A Guarcino, nous avons acheté un excellent pain aux noix chez le boulanger pourtant fermé, suivant les conseils d’un habitant qui nous a dit de passer par l’arrière de la boutique. Nous avons pique-niqué sur un banc avant de boire un café dans le petit bar voisin. Celui-ci vend également des amaretti, biscuit aux amandes qui fait la fierté du village. Il s’agit d’une version bien plus grande que les amarettini que nous connaissons et, d’après la légende, la recette aurait été donnée aux villageois par un moine en remerciement de leur hospitalité. Nous en avons savouré un avec le café et en avons acheté d’autres pour nos amis marcheurs et notre thé du soir.

En repartant, nous avons parcouru le centre historique du village. Il nous a semblé plus accueillant et vivant que ceux traversés ces derniers jours, bien que tout aussi en pente et avec autant d’escaliers. Nous avons ensuite marché une heure dans la campagne sous de gros nuages noirs avant d’atteindre Vico nel Lazio, un bourg encore entouré par une belle muraille munie de vingt-cinq tours et cinq portes. Il aurait sans doute été intéressant de dormir dans ce beau village médiéval pour en découvrir les recoins et les boutiques, mais nous avons déjà pu en ressentir l’atmosphère et apprécier ses rues soignées, son charme et son caractère.

Logan ne montrait alors plus le moindre entrain et nous avons dû insister pour qu’elle nous suive sur les trois derniers kilomètres de l’étape. A l’entrée de Collepardo, un chat lui a subitement fait oublier toute fatigue et j’ai dû courir sur plusieurs dizaines de mètres en retenant la laisse pour l’empêcher de partir à ses trousses sans toutefois l’étrangler. Ainsi remotivée, elle nous a accompagnés de bonne grâce jusqu’au centre du village.
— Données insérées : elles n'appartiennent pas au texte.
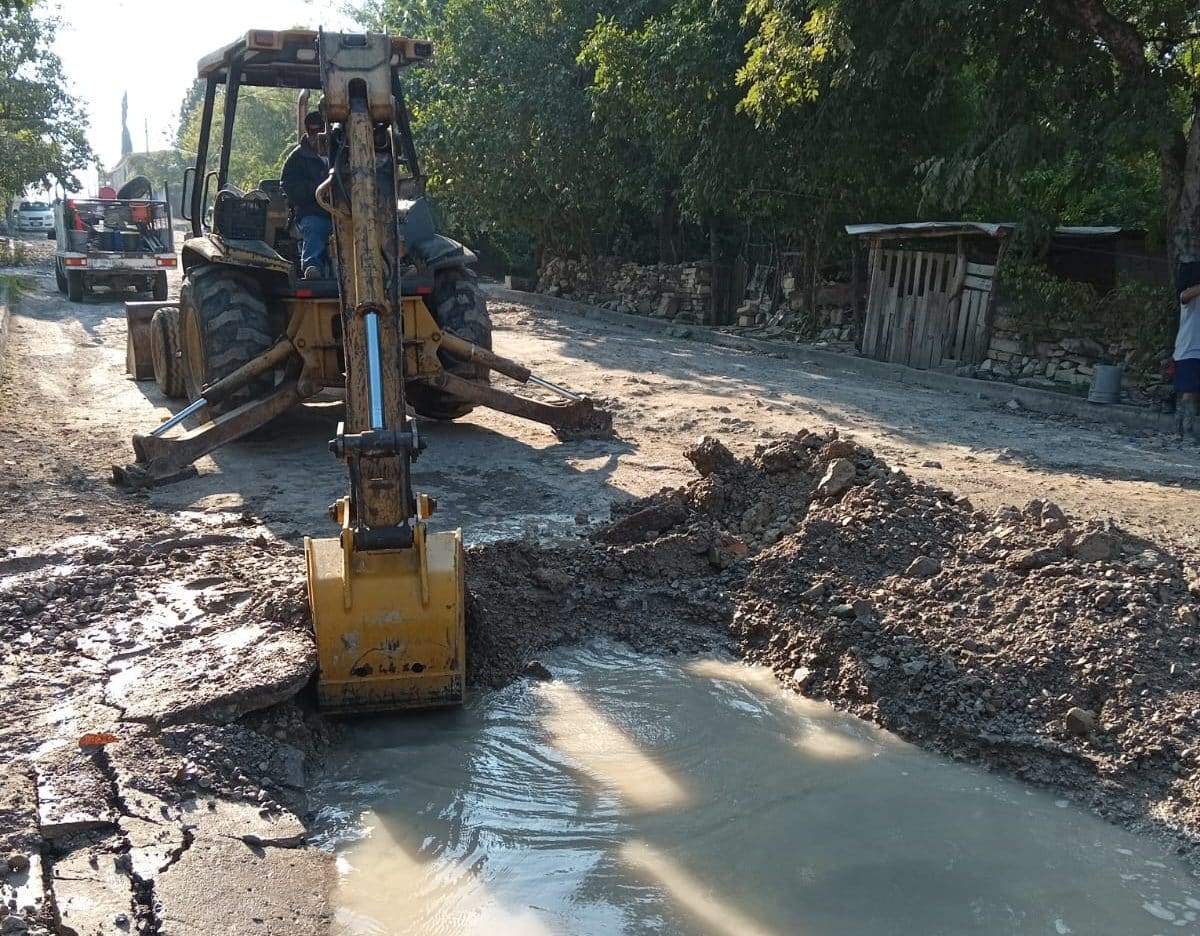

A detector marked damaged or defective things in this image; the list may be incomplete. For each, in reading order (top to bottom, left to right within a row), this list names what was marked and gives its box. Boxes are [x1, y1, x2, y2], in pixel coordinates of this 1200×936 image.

Nous avons loué pour la nuit un tout petit appartement au charme fou et au prix dérisoire. Puisque nous nous y sentons très bien et qu’il est bien équipé, nous avons choisi de cuisiner ici plutôt qu’aller au restaurant. Nous avons acheté quelques tranches de pizza succulentes et de quoi réaliser une salade, ainsi que du pain pour le déjeuner de demain matin. Tandis que je lavais les tomates, j’ai aperçu par la fenêtre Valerio. Nos quatre amis dorment dans le Bed & Breakfast en face, alors que les hébergements ne manquent pas dans ce village. Nous en avons profité pour leur donner les amaretti et leur faire visiter notre petit cocon d’un soir.